INTEMA   05428
INSTITUTO DE INVESTIGACIONES EN CIENCIA Y TECNOLOGIA DE MATERIALES
Unidad Ejecutora - UE
artículos
Título:
16. PARTIALLY FLUORINATED POLYMER NETWORKS: SYNTHESIS AND STRUCTURAL CHARACTERIZATION.
Autor/es:
LUIS A. MICCIO; ROCIO LIAÑO; PE MONTEMARTINI; PA OYANGUREN
Revista:
JOURNAL OF APPLIED POLYMER SCIENCE
Editorial:
JOHN WILEY & SONS INC
Referencias:
Lugar: New York; Año: 2011 vol. 122 p. 608 - 616
ISSN:
0021-8995
Resumen:
Functionalizacion of epoxy-based
networks by the preferential surface enrichment of perfluorinated tails to
achieve hydrophobic surface is described. The selected fluorinated epoxies (FE) were: 2,2,3,3,4,4,5,5,6,6,7,7,8,9,9,9-hexadecafluoro-8-trifluoromethyl
nonyloxirane (FED3) and 2,2,3,3,4,4,5,5,6,6,7,7,8,8,9,9,9-heptadecafluoro
nonyloxirane (FES3). Two series of crosslinked fluorinated epoxy-based materials
containing variable fluorine contents (from 0 to 6 wt % F) were prepared using
formulations based on partially fluorinated diamine, epoxy monomer and a curing
agent. The epoxy monomer was based on diglycidyl ether of bisphenol A (DGEBA) while the curing agents were either propyleneoxide diamine (JEFFAMINE) or 4,4´-methylenebis(3-chloro
2,6-diethylaniline) (MCDEA). It was found that depending on the curing agent employed, homogeneous
distribution of fluorine or phase separation distinguishable at micrometer or
nanometer scale was obtained when curing blends initially homogeneous. The morphology
and composition of partially fluorinated networks was investigated on a
micrometer scale combining scanning electron microscopy and X-ray analysis.
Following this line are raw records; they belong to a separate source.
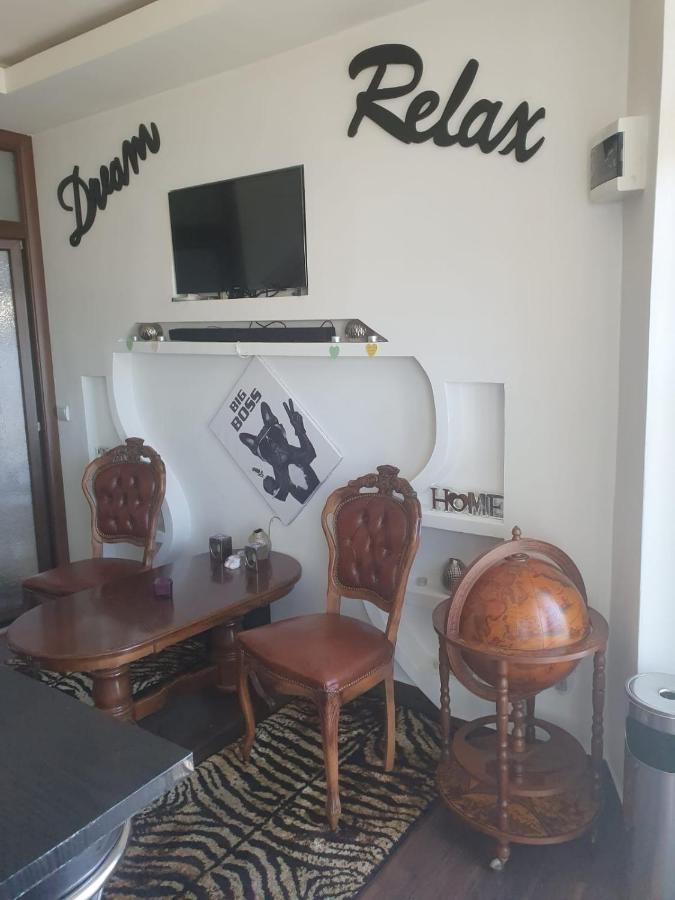 Relax Haus Hotel Hunedoara Eksteriør billede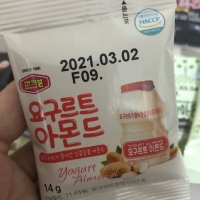 Kacang almond Korea 14 gram yogurt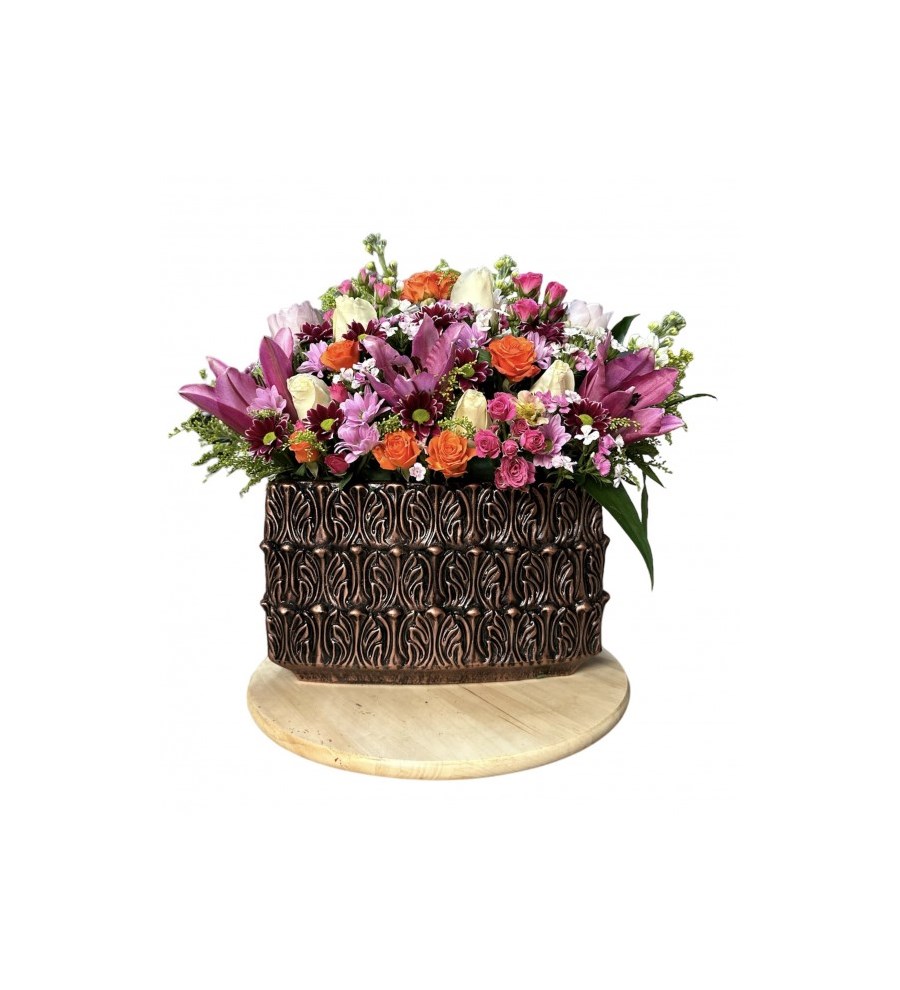 Deluxe Quality Best Flowers Gifting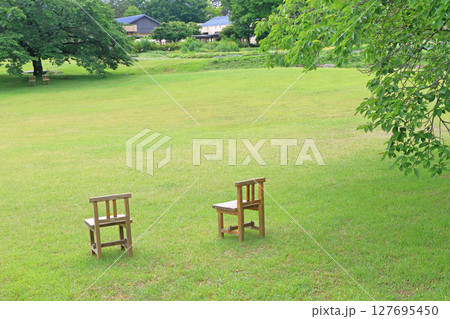 初夏の安曇野ちひろ公園 127695450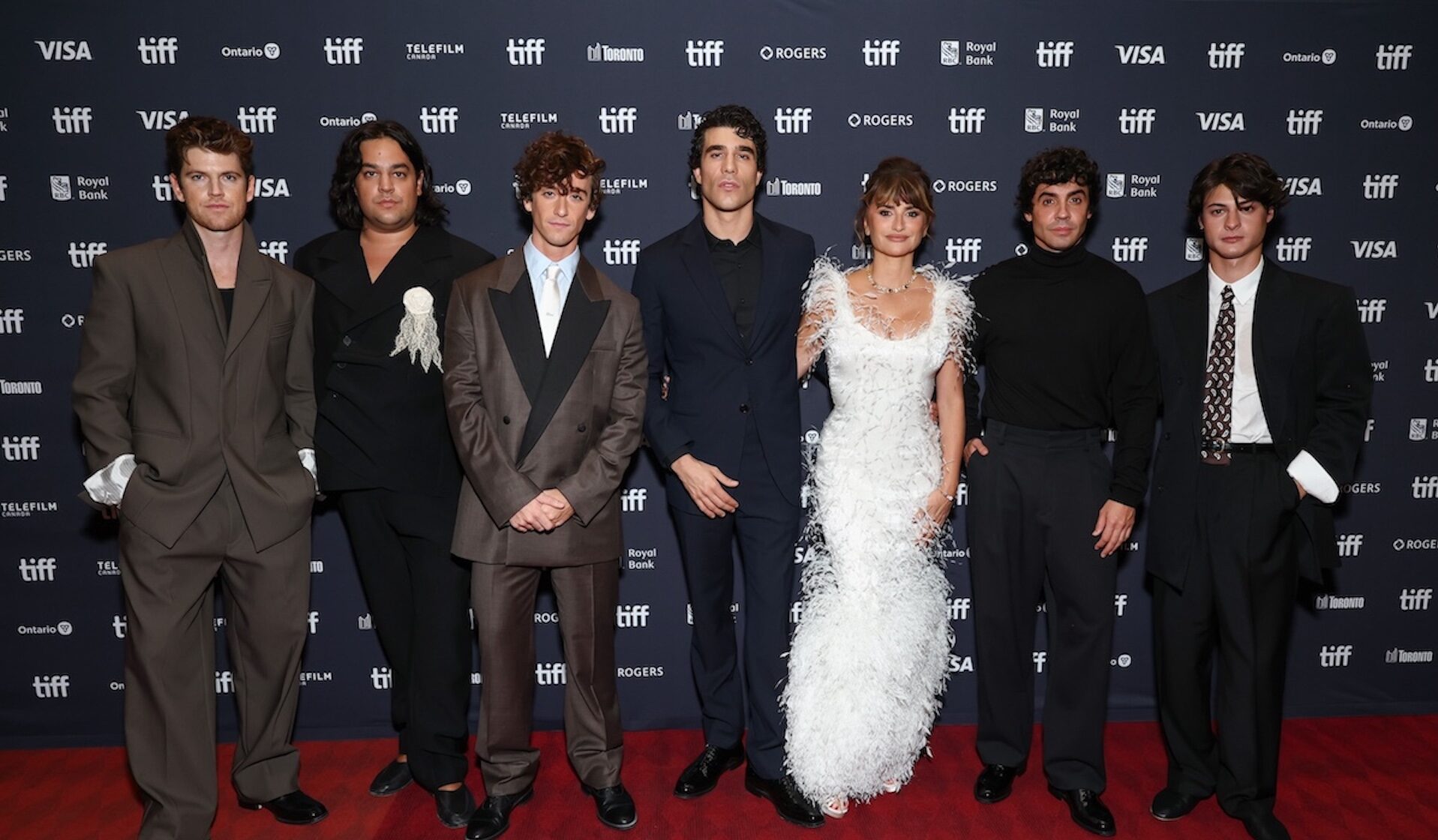 El reparto de «La bola negra» durante la presentación de la película de Los Javis en el Festival Internacional de Cine de Toronto. Imagen: @labolanegrafilm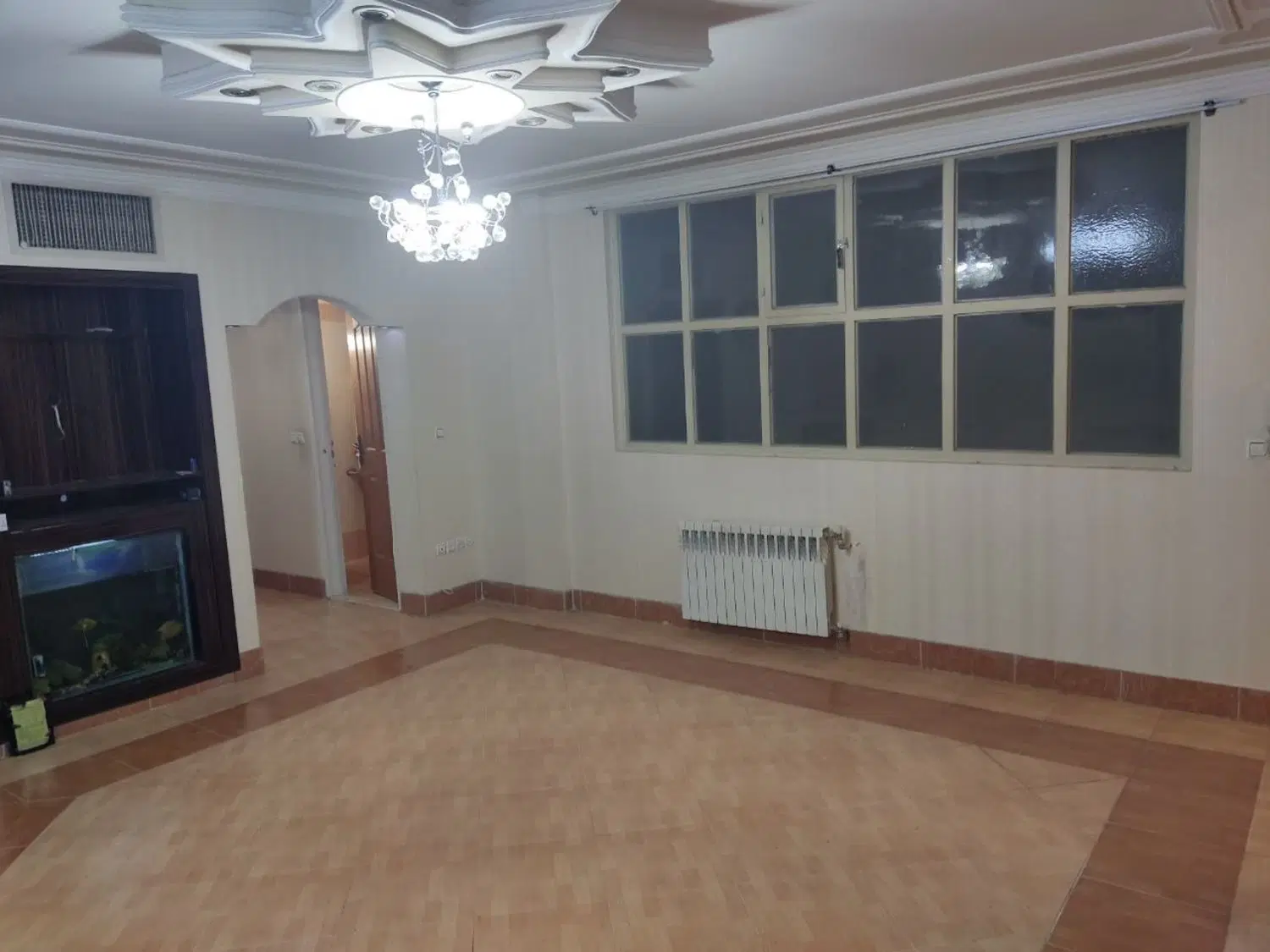 ۱۲۰ متر میرزای شیرازی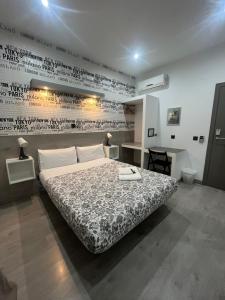 sypialnia z łóżkiem i ścianą z pisaniem w obiekcie Hostal Abril Madrid w Madrycie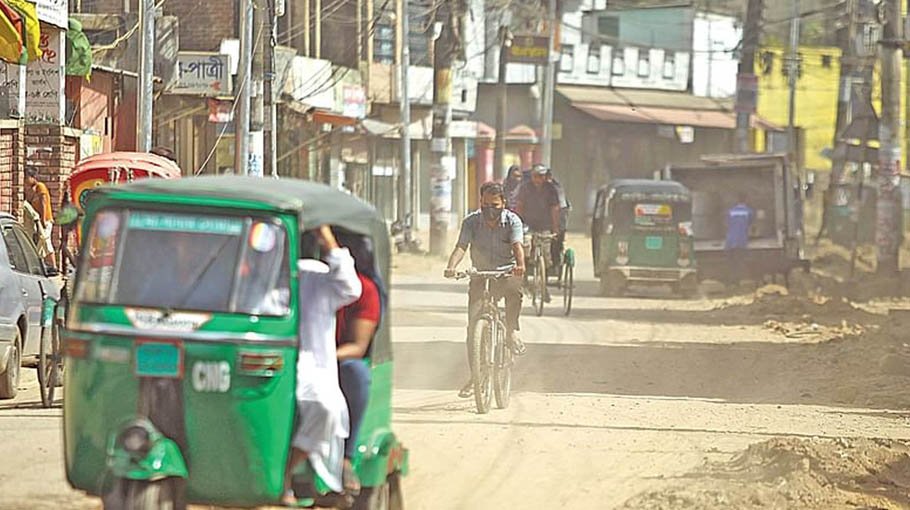 Increasing dust storm covers Sylhet city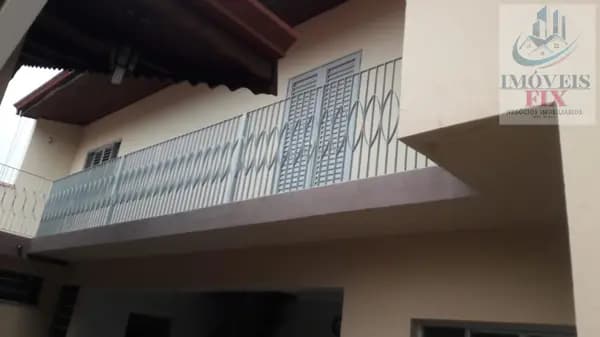 Casa no Centro de Várzea Paulista - Avalia Permuta !!!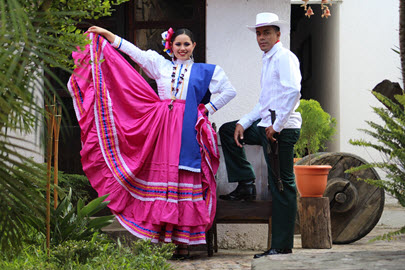 Traje criollo o colonial de la municipio de Camasca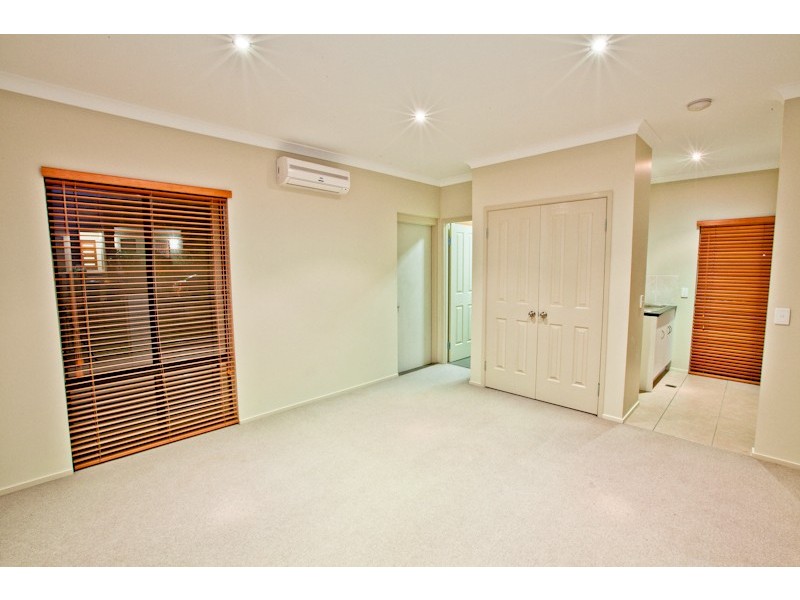 49 Azzurra Drive, Varsity Lakes QLD 4227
In
the case of JEFFAMINE-cured samples, surfaces were homogeneous for all fluorine
proportions. On the other hand, MCDEA-cured blends showed fluorine-rich zones
dispersed in a continuous epoxy-rich phase. A completely different morphology,
characterized by a distribution of irregular fluorine-rich domains dispersed in
an epoxy-rich phase, was obtained when curing blends initially immiscible. The influence on surface properties of the
architecture of FE, and the molecular structure of the unit building blocks will
be discussed in the second part of the series.